Note that making LIST and GET request to S3 buckets will incur a cost on your account. See S3 Pricing for your region's costs.

Data transfer out of S3 buckets will also incur a cost on your account. See S3 Pricing for details. Note that data transfer from S3 to EC2 is free.

Local Testing

To eliminate costs while testing your batch process, you can use the library's built-in local filesystem reader. Create a folder at path ./s4 and the library will treat each subfolder of ./s4 as a bucket. You can then fill these folders with a small subset of files from your S3 buckets for testing locally.
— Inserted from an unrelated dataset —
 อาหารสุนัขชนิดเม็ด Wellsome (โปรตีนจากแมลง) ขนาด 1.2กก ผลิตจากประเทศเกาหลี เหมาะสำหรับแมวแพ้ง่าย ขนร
This local API is identical to the S3 API but will never make any requests to S3, only to your local filesystem.

Usage

Streams

const { localBatchStream } = require("s3-bucket-stream")
const readableStream = localBatchStream("FolderNameGoesHere")
// Use it the same way as BatchStream
const read = () => {
  let batch = readableStream.read()
  if (batch) {
    console.log("Fetched batch of size", batch.length)
    process.nextTick(() => {
      readableStream.once("readable", read)
    })
  }
}

readableStream.once("readable", read)

Generators

const { localGenerateBatch } = require("s3-bucket-stream")

const main = async () => {
  let gen = localGenerateBatch("listings0", 1)
  for await (let item of gen) {
    console.log(item)
  }
}
main()

API Reference

Batch

BatchStream and generateBatch will return the following object:

{
  Key: string
  Bucket: String
  Body: string
}

Key

KeyStream and generateKeys will return the following object

{
  Bucket: string
  Keys: string[]
}

Note that use of capitalization in the field names to match the aws-sdk interface.